ある日、母に「今日は何を習ったの?」と聞かれたときのこと。僕はこっそり授業を録音したテープを再生し、母にそれを聞かせている間に、自分はテレビでドラえもんを見ていました。もちろん、後でバレて「ちゃんと授業を聞きなさい!」とこっぴどく叱られました。
そんな僕が、算数や英語以外で、はっきりと「学んだ」と記憶している最初のテーマ。それが「貯金」でした。
先生たちは、まるで聖書の言葉かのように、こう言いました。
「お金を貯めなさい」
彼らは、無計画にお金を使ったせいで、路上生活をすることになった人たちの話をしました。そういう人たちは無謀で、無責任で、どうしようもない浪費家なのだと。
そして僕は、その言葉を信じました。
お年玉、お昼ごはん代、道で拾った小銭。かき集められるだけのお金を、僕は貯めるようになりました。

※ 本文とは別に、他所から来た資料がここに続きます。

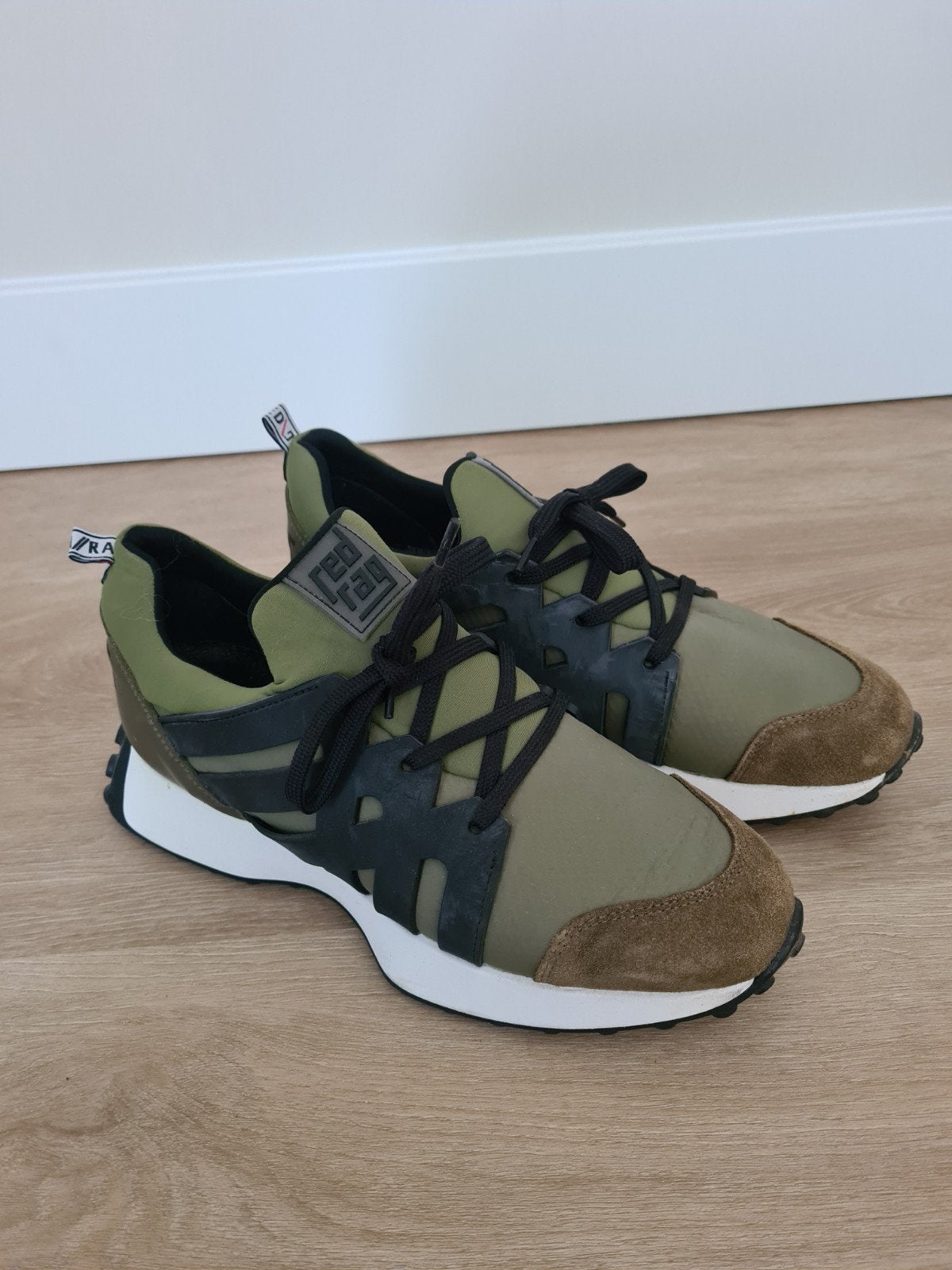 RED-RAG Sneakers - Groen/Zwart maat 40, Kleding | Dames, Ophalen of Verzenden, RED-RAG, Groen, Sneakers of Gympen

それは賢くて、責任感のある行動のように感じました。「計画性のある大人」に一歩近づいたような、誇らしい気持ちでした。
しかし、今振り返ると、あの頃ひたすらお金を貯めていたことは、僕が人生で犯した最悪の金銭的判断でした。
貯金が悪だと言いたいわけではありません。問題は、僕が貯金を「一時的な手段」ではなく、「人生の戦略」そのものだと勘違いしてしまったことです。
なぜ、お金を貯めるのか?
彼らは「お金を貯めろ」と言いました。
でもある日、僕はふと疑問に思ったのです。
「政府がもっと多くのお金を刷り続けているのに、どうして僕たちはお金を貯めるんだろう?」
希少なダイヤモンドを大切に保管する意味はわかります。運命の人との関係を大切にする意味もわかります。でも、世の中に溢れるほど印刷されているものを、なぜ必死に貯め込む必要があるのでしょうか?

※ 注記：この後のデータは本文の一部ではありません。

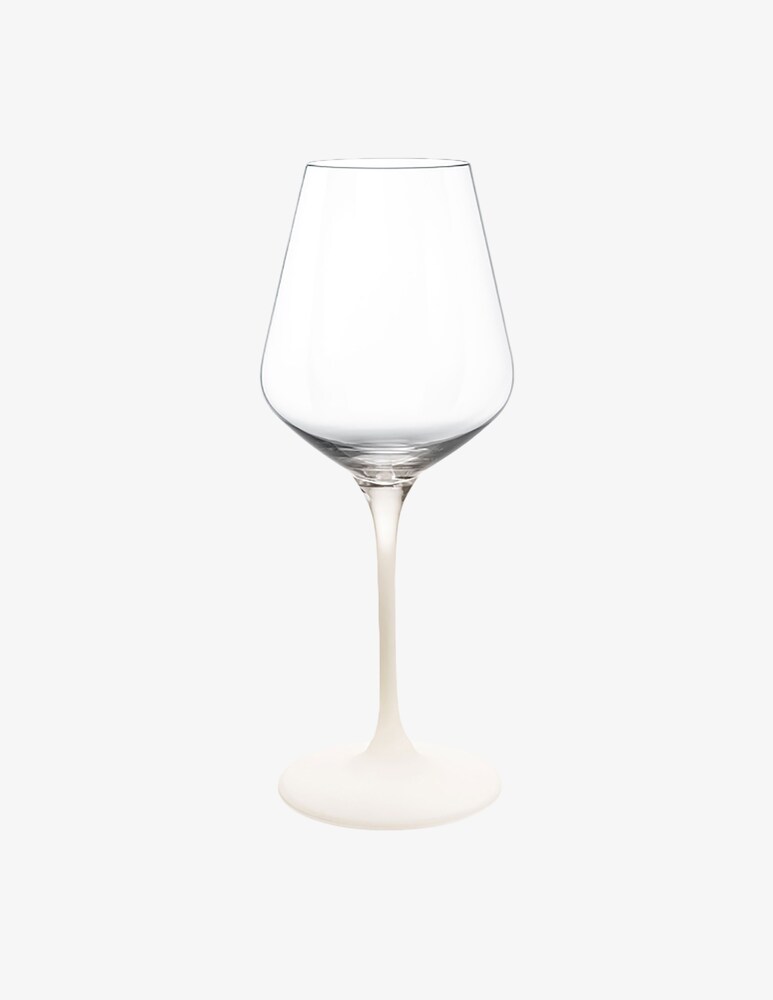 Villeroy & Boch Manufacture Rock Blanc Bicchiere Vino Set 4 Pz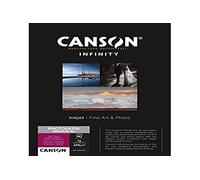 Canson Infinity Photo Satin Premium RC, Papel fotográfico, Satinado, 270g, Hoja, A4-21x29,7cm, Extra Blanco, 25 Hojas
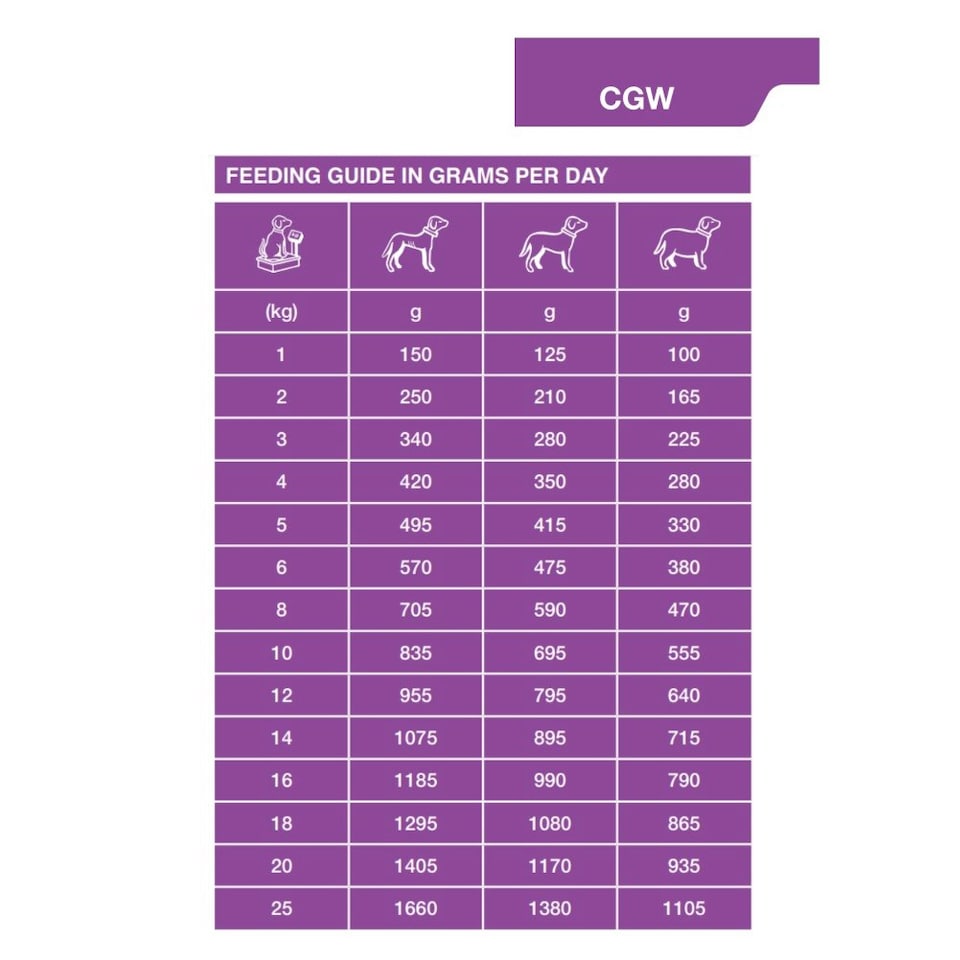 image 1 of Dechra Specific CGW Senior Dog All Breeds Wet Foil Trays 6 x 300g
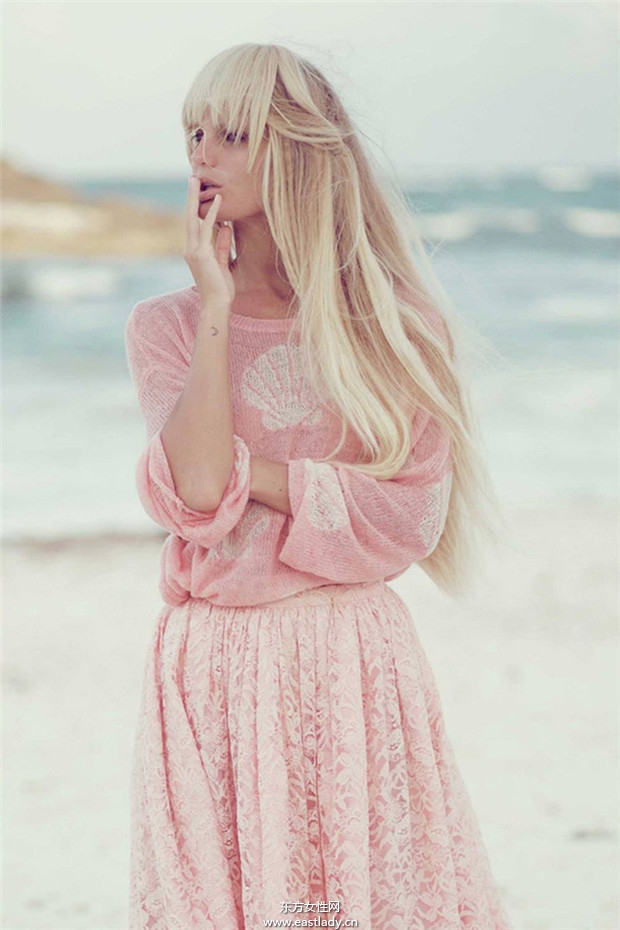 Wildfox 2014女装广告大片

アメリカの有名な投資家、ナヴァル・ラヴィカントはこう言っています。
「富を求めよ。お金や地位ではなく。富とは、あなたが寝ている間にも稼いでくれる資産のことだ。お金とは、時間と富を交換するための道具だ。地位とは、社会の階層におけるあなたの場所のことだ。」
お金は、時間と富を交換するための「道具」にすぎません。
使われずに眠っているお金は、いわば「働いていない時間」です。そして、働いていない富は、もはや富とは呼べません。
もしあなたが、自分の時間を何もせずに無駄に過ごすことにイライラするのなら、なぜ自分のお金を何もせずに眠らせておくことには平気でいられるのでしょうか?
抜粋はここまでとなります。